Ideally, the virtual consoles should be scaled automatically to an optimal resolution based on screen DPI, to be always usable out of the box. If that fails, there should be a reliable keyboard shortcut to change resolution or scale fonts. Something like Ctrl +/- in Konsole. Or at lest always setting resolution to basic SVGA resolution. It would look horrible but at least the console would be usable.

Background:
Recently, after an update, I ended up with broken system without any GUI shell.
See: After updating Slowroll today I cannot start Xorg or Wayland - suspected culprit kernel Lockdown
and I could not roll back with snapper. I had to fix it using this virtual console with this miniscule sized text. System with only CLI interface is tricky enough; especially also without internet. System with only CLI interface which you cannot even read - that a torture.

On 3840x2160 screen, for imminent boot only, include video=1600x900, video=1920x1080, video=2048x1152, or video=2560x1440 on Grub’s linu line after striking E key. For lasting inclusion, add same to GRUB_CMDLINE_LINUX_DEFAULT= line in /etc/default grub, then regenerate /boot/grub2/grub.cfg. Alternatively, add it using yast bootloader.

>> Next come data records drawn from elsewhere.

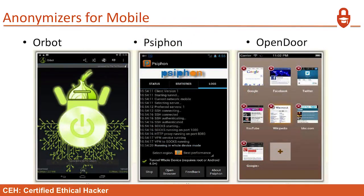Anonymizers for mobile: you have Orbot, Siphon, and Opendoor. There are a million of them — you can see the little onion head over there on the Orbot. So that's going to be like a Tor browser.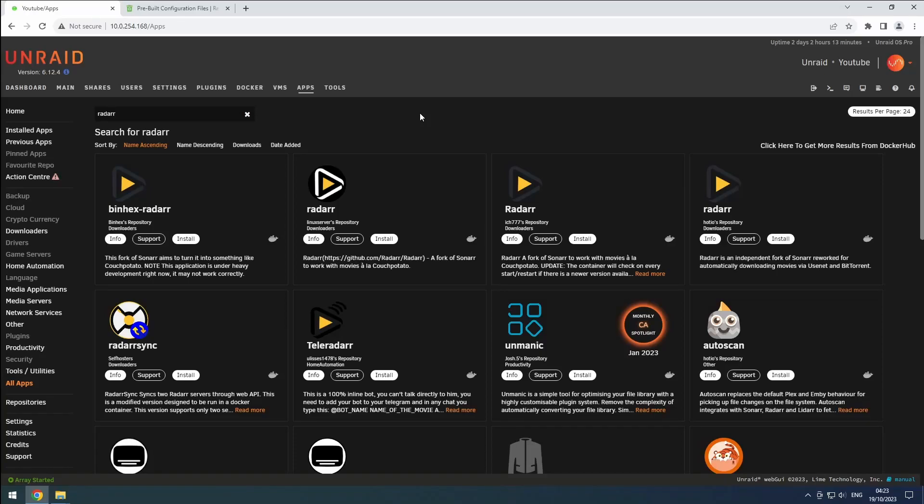Hey everyone, welcome back to the Rift Sphere channel. In this video, we will be installing our first instance of Radarr.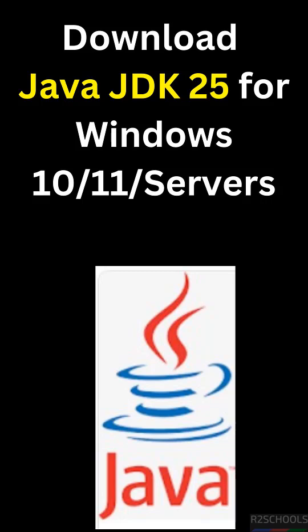In this video we will see how to download Java JDK latest version for Windows operating systems.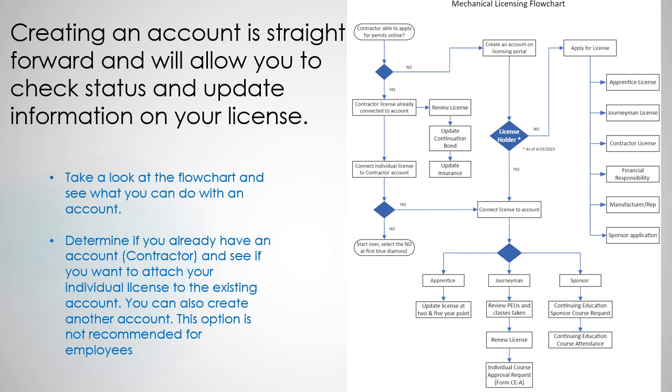Take a look at the flowchart on the right and you will see what you can actually do with your account.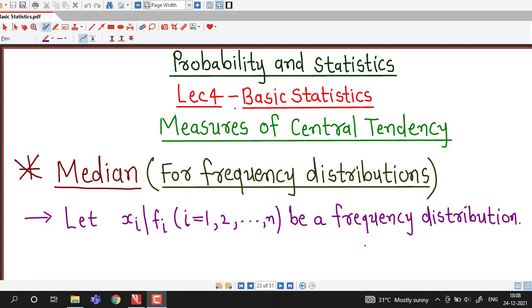Hello friends, I welcome you in lecture number 4 on basic statistics. In this lecture we are going to discuss how to find median for frequency distributions.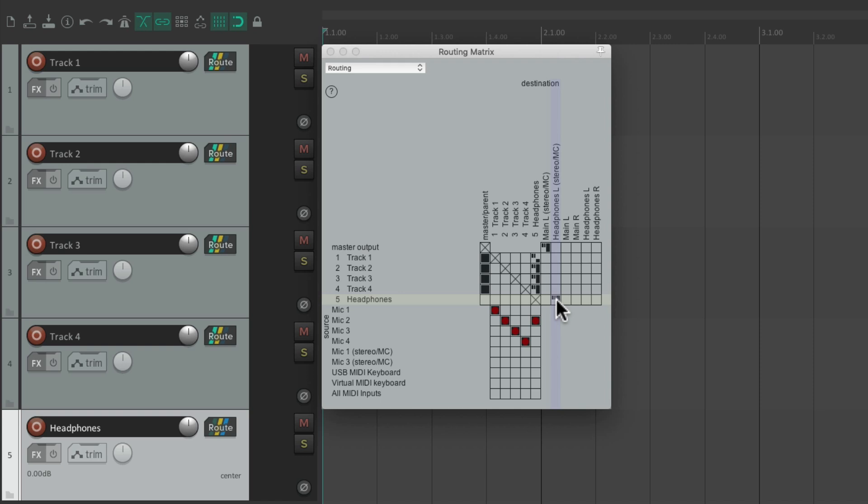So as you can tell, the routing matrix is a great place to see all of your routing in your project, but also a great place to create new routing or adjust existing routing. That's pretty much it — that's the routing matrix in Reaper. I hope you learned something, hope you can use it, and I'll see you next time. Thanks!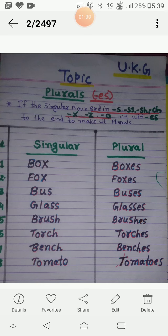So, bachon, jis word ke peeche, jis word ka end X, S, SS, SH, CH, O, Z ho, us word mein ES lagate hain.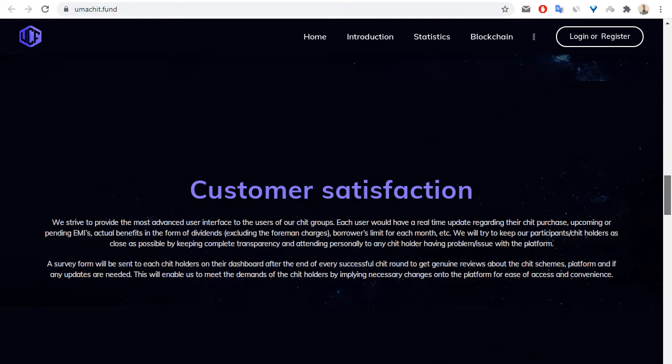We can see customer satisfaction. We strive to provide the most advanced user interface to the users of our chit groups, and each user would have a real-time update regarding their chit purchase, upcoming or reading games, sector benefits in the form of dividends.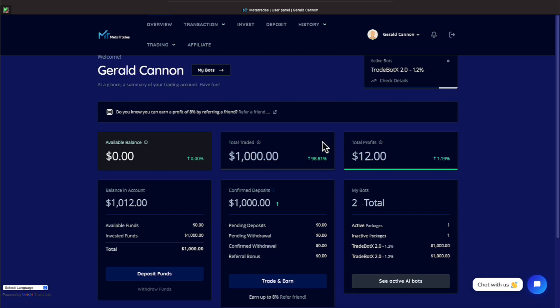Well, we're getting 1.2% profit. And that's Monday through Friday. And you can see our first profit has hit, everyone. Over to the left, we have a balance in our account of $1,012. And total profits are $12. So now we need to make sure we know how to do a withdrawal, everyone. This will be our first day doing a withdrawal.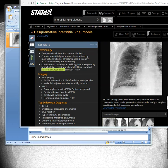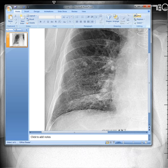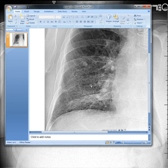The presentation of DIP is bilateral basilar reticulation and ill-defined airspace opacity, and the lung volume may be mildly reduced. You can see this is a disease with a reticular network kind of presentation, versus this area which is relatively normal.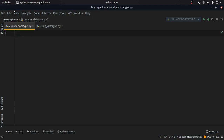In today's video we are going to learn about data types in Python. We are going to cover two data types: number and string. The number type is divided into four kinds: integer, long, float, and complex.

In my post, one of the links is incorrect:

Change font size with setfontCLI tool. But you have to provide font name and
have such big font; like ter-v32b from non-default package terminus-bitmap-fonts
as described in this thread . That is rather fiddly.

The correct link to the interesting post is: Text mode console font size

Unfortunately, that didn’t work.
Added “video=1600x900” to the linux line of the config, in the Grub editor:


Pressed F10. System booted normally but resolution was not applied. The font in the virtual console is still super tiny.

Is this a Macbook? Your display might not support 1600x900. Try 1920x1080. If that doesn’t work, try 1920x1200. If you open display in Plasma systemsettings you should see a list of resolutions your display claims to support.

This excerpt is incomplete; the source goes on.